In order to measure impact there is a need for data. IBG relies on data to achieve its core value for improving efficiency and equity. To achieve this core value IBG requires reliable data to optimize net social benefits for community-based programs. Although we talk about the importance of data, it is also important to understand that it is what Google has referred to as the ‘ingredient’ and that the analyzing of data and reams of information is the actual ‘recipe’ for making a satisfying dish. Although data is vital, it is the actual analysis that will help inform innovative initiatives and improve development outcomes.

IBG is working with technology partners and others to have data turned into artificial-intelligence (AI) or machine cognitive abilities that can further support the social sector. The use of AI allows for further experimenting on improving outcomes particularly in the health and agriculture sectors. IBG works with partners to pool data from devices being utilized in pilot and other programs, and then trains algorithms that can help improve the results of community programs.

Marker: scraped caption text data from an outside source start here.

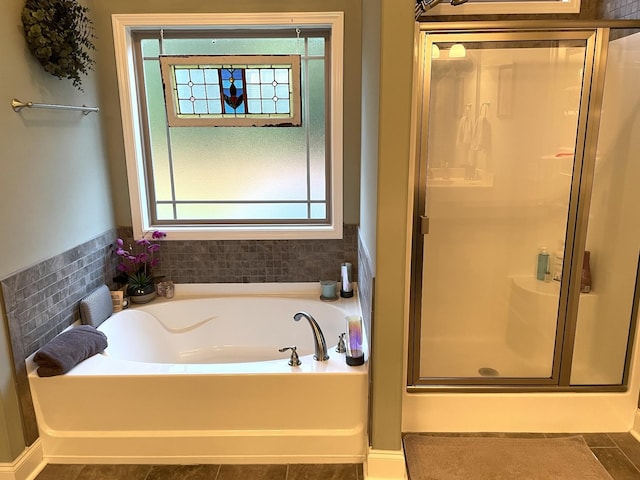 bathroom featuring plus walk in shower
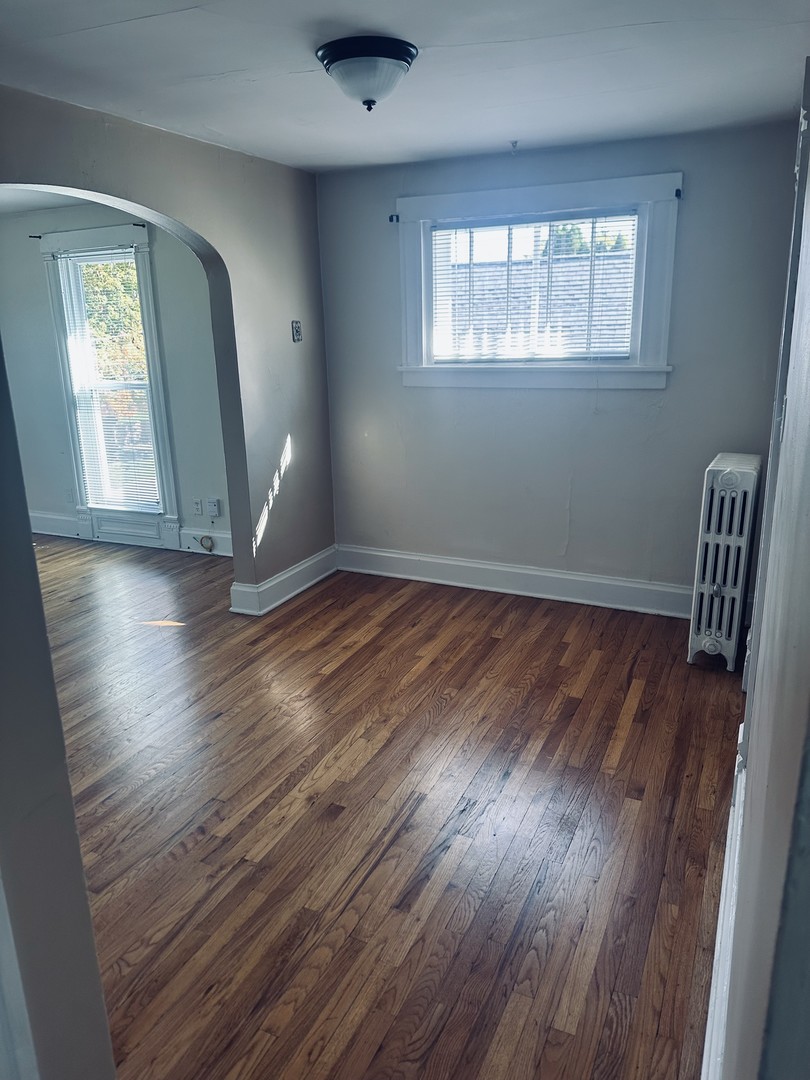 330 West Sycamore Street, Unit 2E Sycamore, IL 60178 - Photo 4 of 8 a view of empty room with wooden floor and fan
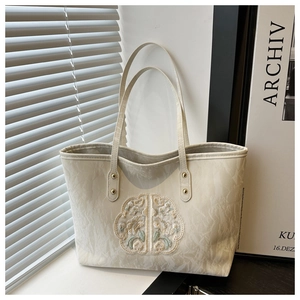 Détails de broderie de fleurs de style néo-chinois sur un sac fourre-tout aspect marbre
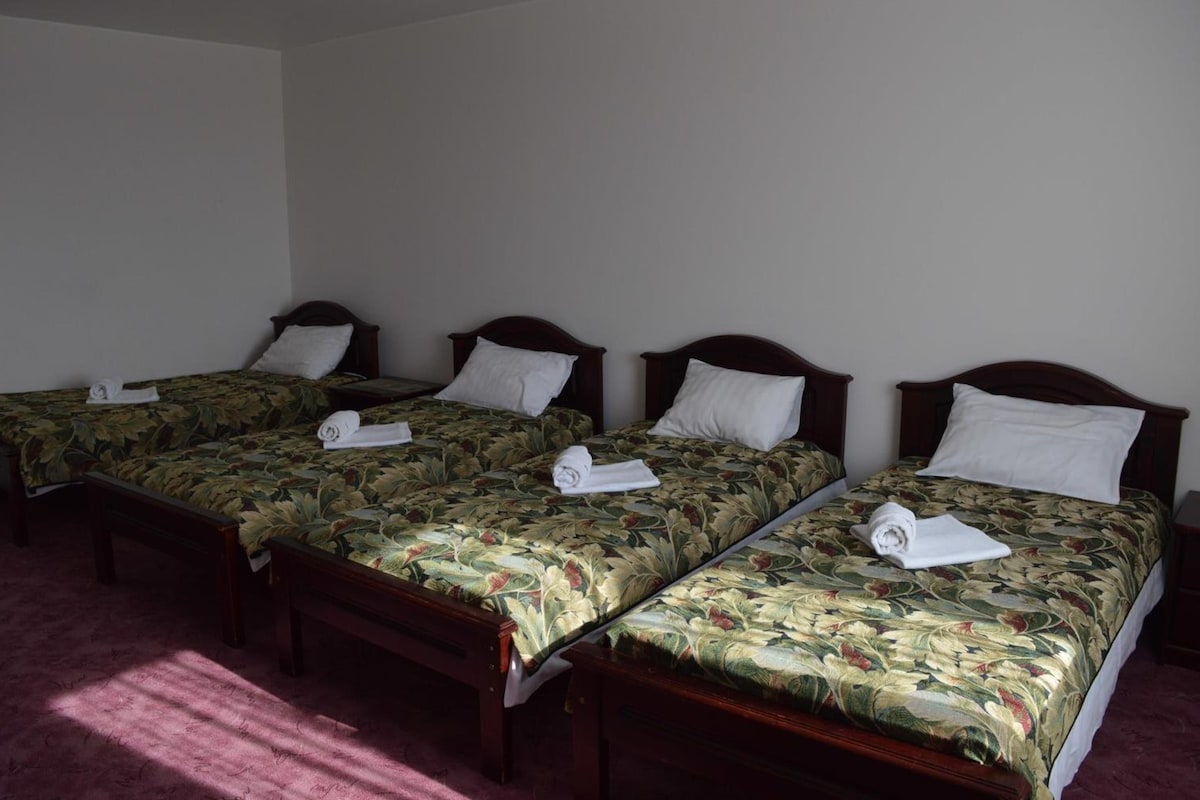 A hotel room with three single beds, each with a floral bedspread and a white pillow.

The quality of the algorithms and the analysis of the data is an area of interest to IBG. Algorithms are increasingly self-teaching, but to know the optimal size of data sets is in question. There are diminishing returns in collecting more and more data. The argument for doing so is that at some point it may be able to offer more social services.

The collection and use of data is not without its challenges. While prospects are exciting there remain many obstacles that need to be resolved. One of these is the fact that digital information can easily be used for other purposes, and how we share this information. While it is not easy to trade data, it isn’t the intent of IBG to withhold data when it could be used for the social good. As well, data that is not traded creates inefficiencies. In addition, without a price for data, valuable data may never be generated. Similarly, if data gets stuck in silos, much of the data may never get extracted. Lastly, AI services are not provided by algorithms but by the people who generate the raw material. How do we measure the value of individual data contributions and make a fair exchange? There are few answers to important questions such as who should own, and benefit from development data. IBG will contribute to finding solutions to these challenges.